The elephant’s trunk must be one of the most amazing things in Africa, if not the entire animal kingdom, but how does this incredible appendage work?
Created from a fusion of the animal’s top lip and its nose, the elephant’s trunk is a multi-functional tool integral to this distinguished mammals’ survival. It is used to smell, breathe, drink, eat, communicate, and as a weapon when required.
Remarkably, the skeletal remains of an elephant would show no indication of the trunk as there are no bones to indicate it even existed.
The trunk is composed of 140kgs of flesh, fat, nerves, connective tissue, and over 40 000 muscles grouped around the nasal passages. These taper down to two fingers in the case of African elephants and one finger for Asian elephants.
Functionally, the muscles are what give the trunk its versatility. The four large external muscles running along the top, side and bottom of the trunk control the main movements of the trunk i.e. up, down and sideways.
The smaller internal muscles are responsible for finer movements and are based on a network of hundreds of thousands of fascicles. The fascicles are arrangements running all along the trunk like bicycle spokes and give the trunk its extraordinary flexibility. In human terms, the elephant’s trunk is most like the tongue in that regard.
What does the elephant use its trunk for?

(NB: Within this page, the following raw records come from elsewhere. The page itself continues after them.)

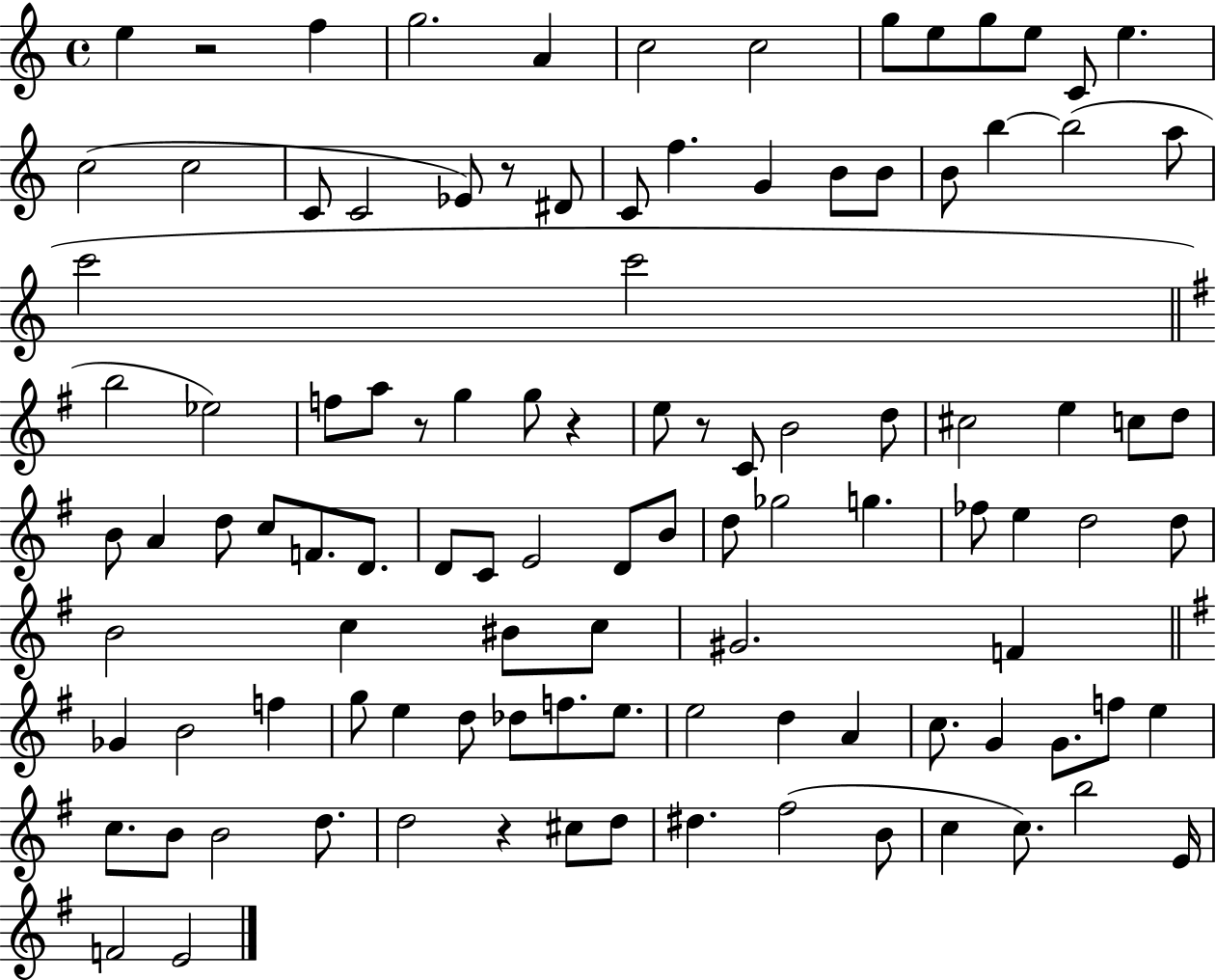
{
  \clef treble
  \time 4/4
  \defaultTimeSignature
  \key c \major
  \repeat volta 2 { e''4 r2 f''4 | g''2. a'4 | c''2 c''2 | g''8 e''8 g''8 e''8 c'8 e''4. | \break c''2( c''2 | c'8 c'2 ees'8) r8 dis'8 | c'8 f''4. g'4 b'8 b'8 | b'8 b''4~~ b''2( a''8 | \break c'''2 c'''2 | \bar "||" \break \key g \major b''2 ees''2) | f''8 a''8 r8 g''4 g''8 r4 | e''8 r8 c'8 b'2 d''8 | cis''2 e''4 c''8 d''8 | \break b'8 a'4 d''8 c''8 f'8. d'8. | d'8 c'8 e'2 d'8 b'8 | d''8 ges''2 g''4. | fes''8 e''4 d''2 d''8 | \break b'2 c''4 bis'8 c''8 | gis'2. f'4 | \bar "||" \break \key e \minor ges'4 b'2 f''4 | g''8 e''4 d''8 des''8 f''8. e''8. | e''2 d''4 a'4 | c''8. g'4 g'8. f''8 e''4 | \break c''8. b'8 b'2 d''8. | d''2 r4 cis''8 d''8 | dis''4. fis''2( b'8 | c''4 c''8.) b''2 e'16 | \break f'2 e'2 | } \bar "|."
}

Just like the human tongue, the elephant is able to taste the air thanks to millions of receptor cells in their upper nasal cavity. They can smell just as well as any bloodhound and are able to detect water from 19km away.
Once found, the elephant can draw up to 8 litres of that water into their nasal passages at a time. This is then sprayed into the mouth. Elephants cannot drink through their noses and would choke if they tried. Water and mud is sprayed over the elephant’s body to cool it down on a hot day and discourage external parasites like ticks.
If a river crossing is in order, the trunk comes to the rescue once again. Held high above the surface of the water, the trunk is used like a snorkel so the elephant can breathe even when its entire body is submerged.
Food time is a breeze when you have two highly tactile fingers to pick leaves from the highest branches, snap off twigs or pull up grass, and self-defence is no problem either with a long muscular club at your disposal. An elephant’s trunk can lift hundreds of kilograms with ease and swing with considerable force if need be.